21 May 2010 - Bruno Prior

Sometimes you find an error in a book so early and brazen that you barely feel the need to read further, and if you do, everything after that is diminished by the awareness of the author's bias or irrationality. A classic example is Marx's Das Capital, and his theory of value. It is palpable nonsense, on which much of his edifice rests. Anyone with a critical mind must surely see through it. There may be some grains of truth later, but one tends to discount them from awareness that his reasoning is prejudiced.

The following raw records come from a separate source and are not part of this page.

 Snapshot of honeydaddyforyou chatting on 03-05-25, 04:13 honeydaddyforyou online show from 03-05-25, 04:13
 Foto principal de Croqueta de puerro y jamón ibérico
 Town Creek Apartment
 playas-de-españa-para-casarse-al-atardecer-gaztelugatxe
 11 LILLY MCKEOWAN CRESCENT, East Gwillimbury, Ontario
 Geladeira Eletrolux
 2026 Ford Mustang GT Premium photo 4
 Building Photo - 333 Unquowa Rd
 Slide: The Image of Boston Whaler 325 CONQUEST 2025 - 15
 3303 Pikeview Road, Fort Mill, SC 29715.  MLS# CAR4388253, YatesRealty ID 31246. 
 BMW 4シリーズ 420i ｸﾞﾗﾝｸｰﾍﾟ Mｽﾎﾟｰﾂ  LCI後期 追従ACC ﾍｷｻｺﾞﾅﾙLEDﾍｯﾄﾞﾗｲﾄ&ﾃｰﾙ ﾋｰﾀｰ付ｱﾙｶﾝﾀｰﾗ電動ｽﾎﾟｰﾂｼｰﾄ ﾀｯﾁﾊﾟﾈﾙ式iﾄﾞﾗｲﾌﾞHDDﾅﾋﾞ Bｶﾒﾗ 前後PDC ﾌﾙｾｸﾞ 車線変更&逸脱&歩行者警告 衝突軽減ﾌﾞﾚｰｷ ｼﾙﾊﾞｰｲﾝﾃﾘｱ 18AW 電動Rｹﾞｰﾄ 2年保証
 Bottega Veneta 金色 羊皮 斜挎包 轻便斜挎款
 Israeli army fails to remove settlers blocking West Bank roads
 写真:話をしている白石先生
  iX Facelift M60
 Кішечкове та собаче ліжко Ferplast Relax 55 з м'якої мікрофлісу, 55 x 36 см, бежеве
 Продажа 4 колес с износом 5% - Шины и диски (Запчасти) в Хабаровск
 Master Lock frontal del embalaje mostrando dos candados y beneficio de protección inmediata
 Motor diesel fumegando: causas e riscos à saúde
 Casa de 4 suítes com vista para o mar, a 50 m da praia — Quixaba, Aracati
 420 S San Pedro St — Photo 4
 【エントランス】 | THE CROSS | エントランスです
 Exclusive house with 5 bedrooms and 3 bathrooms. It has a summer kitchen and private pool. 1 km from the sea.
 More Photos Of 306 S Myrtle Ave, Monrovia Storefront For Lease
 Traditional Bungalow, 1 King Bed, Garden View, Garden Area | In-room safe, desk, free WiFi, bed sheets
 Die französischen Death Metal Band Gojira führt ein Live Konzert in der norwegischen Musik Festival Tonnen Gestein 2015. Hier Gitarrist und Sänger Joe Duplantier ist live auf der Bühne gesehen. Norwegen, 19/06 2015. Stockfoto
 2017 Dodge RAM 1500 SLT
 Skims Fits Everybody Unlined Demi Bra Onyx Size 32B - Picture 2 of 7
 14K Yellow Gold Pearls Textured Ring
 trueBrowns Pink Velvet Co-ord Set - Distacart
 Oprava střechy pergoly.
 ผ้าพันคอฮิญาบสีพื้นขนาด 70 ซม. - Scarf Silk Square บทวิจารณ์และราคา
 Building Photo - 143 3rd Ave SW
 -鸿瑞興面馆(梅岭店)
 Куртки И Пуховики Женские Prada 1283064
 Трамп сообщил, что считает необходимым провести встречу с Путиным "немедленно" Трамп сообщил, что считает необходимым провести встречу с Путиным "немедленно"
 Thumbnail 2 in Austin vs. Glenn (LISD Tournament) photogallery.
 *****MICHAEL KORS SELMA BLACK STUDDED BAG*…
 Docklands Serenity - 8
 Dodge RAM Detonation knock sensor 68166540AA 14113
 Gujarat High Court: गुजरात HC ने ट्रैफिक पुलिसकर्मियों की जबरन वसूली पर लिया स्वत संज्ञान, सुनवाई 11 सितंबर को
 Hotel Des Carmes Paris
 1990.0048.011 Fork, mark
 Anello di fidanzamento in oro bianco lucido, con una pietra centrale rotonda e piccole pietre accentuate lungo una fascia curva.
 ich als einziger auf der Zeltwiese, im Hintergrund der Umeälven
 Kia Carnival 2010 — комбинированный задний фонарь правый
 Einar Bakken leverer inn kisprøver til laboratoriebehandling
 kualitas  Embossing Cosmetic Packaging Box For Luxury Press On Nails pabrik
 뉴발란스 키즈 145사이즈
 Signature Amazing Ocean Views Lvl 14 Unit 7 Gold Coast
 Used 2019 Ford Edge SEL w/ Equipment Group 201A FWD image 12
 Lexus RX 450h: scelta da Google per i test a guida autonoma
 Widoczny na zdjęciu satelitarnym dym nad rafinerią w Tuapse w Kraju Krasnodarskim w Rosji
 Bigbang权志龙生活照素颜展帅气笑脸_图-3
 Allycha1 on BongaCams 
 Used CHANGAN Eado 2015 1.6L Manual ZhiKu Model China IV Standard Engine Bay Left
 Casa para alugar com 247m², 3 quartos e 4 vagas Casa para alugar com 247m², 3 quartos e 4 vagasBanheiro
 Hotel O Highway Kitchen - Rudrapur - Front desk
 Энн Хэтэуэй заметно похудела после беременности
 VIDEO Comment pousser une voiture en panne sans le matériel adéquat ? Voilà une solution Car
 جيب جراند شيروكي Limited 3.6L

Sadly, I have just had a similar experience with a book I expected to enjoy: Tom Bingham's -The Rule of Law-. Only a few pages in, Bingham (seeking to refute Dicey and other predecessors' distinction between the role of the common law in protecting individual rights in Britain, and the dependence on the constitution for whatever limited rights individuals enjoy in other cultures) says:

-Although the 'rule of law' is, obviously, an English expression, familiar in the UK and in countries such as Ireland, the United States, Canada, Australia and New Zealand, whose law has been influenced by that of Britain, it is also meaningful in countries whose law is influenced by the jurisprudence of Germany, France, Italy, the Netherlands and Spain. In Germany for instance, reference is made to the- Rechtstaat-, in France to the -État de droit-, which literally translated, mean 'the law-governed state'.-

No it doesn't. Both of these refer to "rights", which is a different, though related concept to the law. And they also refer to the state, which is not considered sufficiently central to the concept of "the rule of law" to deserve a mention in the Anglo-Saxon concept. And there is nothing in the conjunction of the two terms (rights and state) that suggests that one is superior to the other (as implied by Bingham's translation). Rather, the language indicates that they are conjoined - rights flow from the state as much as the other way round. These terms reflect exactly the opposite of the point that Bingham wants us to believe, and it is not to his credit that he hopes to hoodwink us with mistranslations of foreign terms.

There is a clear distinction in the relationship between the individual and the state and in the source of man's rights, between the Anglo-Saxon, Lockean, common-law tradition, and the continental, Rousseauian, Napoleonic/codified law tradition. In the former, man's rights are innate. He delegates limited authority to the state to decide only those things that must be decided by the state, and subjects himself voluntarily to the also-limited rule of the common law as the arbiter where his liberties are infringed or where there is a clash between two sets of liberties. In the latter, man's rights are fully subsumed by the community and by the state as the community's embodiment, which then hands back those limited rights that the state sees fit for the individual to possess.

These differences are well-reflected in the different linguistic terminology to which Bingham refers. It is disingenuous of him to try to use them to illustrate the commonality rather than the fundamental differences between our perspectives.